In 2006 small-scale fishers in the Western Cape, supported by Masifundise Development Trust, an NGO, and defended by the Legal Resources Centre, launched court action, arguing that the MLRA and fishing rights allocation regime was discriminatory. Mobilizing small scale fishing communities along the coast under the slogan ‘fishers rights are human rights’, these fishers began to demand their human rights, expressed through the demand for the recognition of their cultures and traditions, their right to food security and to their livelihoods. In 2007 the Equality Court ordered the Minister of Environmental Affairs and Tourism to develop a new small-scale fisheries policy that would recognise their rights. In 2012 the Department of Agriculture, Forestry and Fisheries (DAFF) finally gazette a new policy for the small-scale fisheries sector. The SSF policy contains several key principles that are integral to the vision of the Constitution and ensuring that the MLRA, the overarching statute, is able to comply with and give substance to the Constitution. The first of these is reflected in the overall aim of the policy, which states;

“This policy aims to provide redress and recognition to the rights of Small-Scale fisher communities in South Africa previously marginalised and discriminated against in terms of racially exclusionary laws and policies, individualised permit-based systems of resource allocation and insensitive impositions of conservation-driven regulation. In line with the broader agenda of the transformation of the fishing sector, this policy provides the framework for the promotion of the rights of these fishers in order to fulfil the constitutional promise of substantive equality “(DAFF 2012:1).
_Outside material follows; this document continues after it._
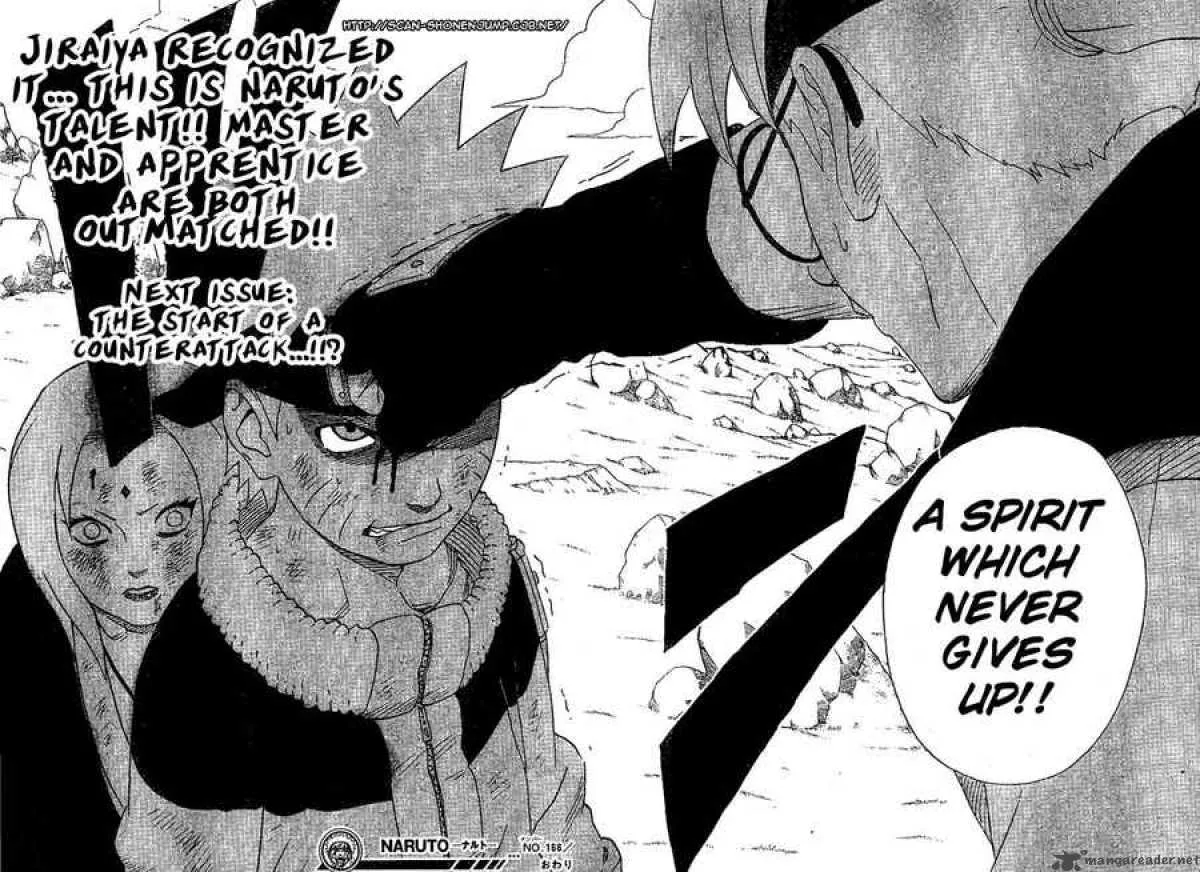 Naruto Chapter 166 page 18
Fisherfolk march for basic rights in Cape Town

Fisherfolk march for basic rights in Cape Town

The Equality Court order and this new policy have been fiercely opposed by big business and other actors in the industry who fail to acknowledge that the recognition of human rights is core business for the state. Further, determined to resist the introduction of a new policy that might result in their share of the catch being reduced in order to promote equity, these critics use predictions about the collapse of marine stocks to justify the exclusion of these traditional, small-scale fishers. The resistance that small scale fishers face to the realisation of their rights was reflected in the attitude of Shaheen Moolla, a former government fisheries official and now a consultant to the industrial sector when he recently stated.

“The seriously misguided and destructive decision of the Equality Court to grant access to a further 1 000 (now 2 000) ‘fishers’ to lobster in 2007 marked the collapse of SA lobster stocks. I can unequivocally lay the blame for the collapse of lobster at the door of this misguided judgement,” says Moolla who adds: “Fish stocks are not meant for social welfare or equal access.”

Fortunately the tide is against Moolla and the industry. International best practice Voluntary Guidelines on the Governance of Tenure for Land, Forestry and Fisheries and International Guidelines for Securing Sustainable Small-Scale fisheries in the context of Food Security and Poverty Alleviation, released in the past two years by the Food and Agriculture Organisation of the United Nations, and supported by the South Africa government, affirm a human rights- based approach to small-scale fisheries.

These human rights instruments highlight the responsibility of the state and all actors in the sector to promote the principles of non-discrimination and equity in the process of ensuring that the marine resources along our coastline are governed in a manner consistent with the Bill of Rights. Most notably, the decision of the Equality Court signals the need to ensure that decisions regarding how the wealth of our oceans and coasts are made do not let human rights fall through the net.